YOUR GOAL:
Make a verbatim copy of the entries below; pictures stay out.

(Short text fragments from websites)
--------------------------------------------------

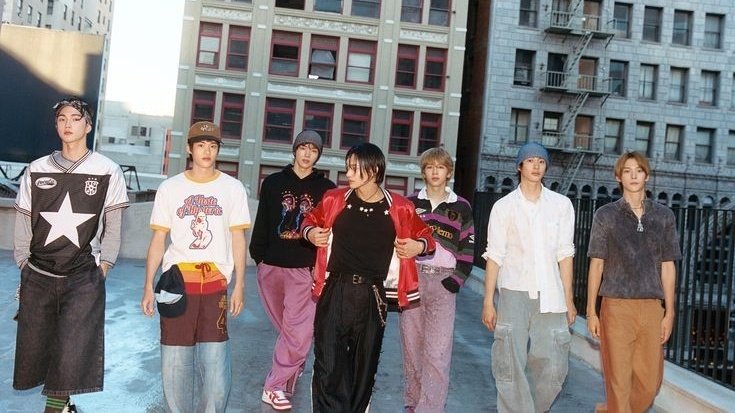 can we have at least 607 replies for RII7E?

<a href="/SMTOWNGLOBAL/">SMTOWN</a>
 RII7E AND BRIIZE DESERVE RESPECT
#BRII7EVoicesMatter
#SMAbusesPower
#TakYoungjunOUT 
#LeeSangminOUT
#KimHyeonggukOU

--------------------------------------------------

RESPONSE BELOW:
 can we have at least 607 replies for RII7E?

<a href="/SMTOWNGLOBAL/">SMTOWN</a>
 RII7E AND BRIIZE DESERVE RESPECT
#BRII7EVoicesMatter
#SMAbusesPower
#TakYoungjunOUT 
#LeeSangminOUT
#KimHyeonggukOU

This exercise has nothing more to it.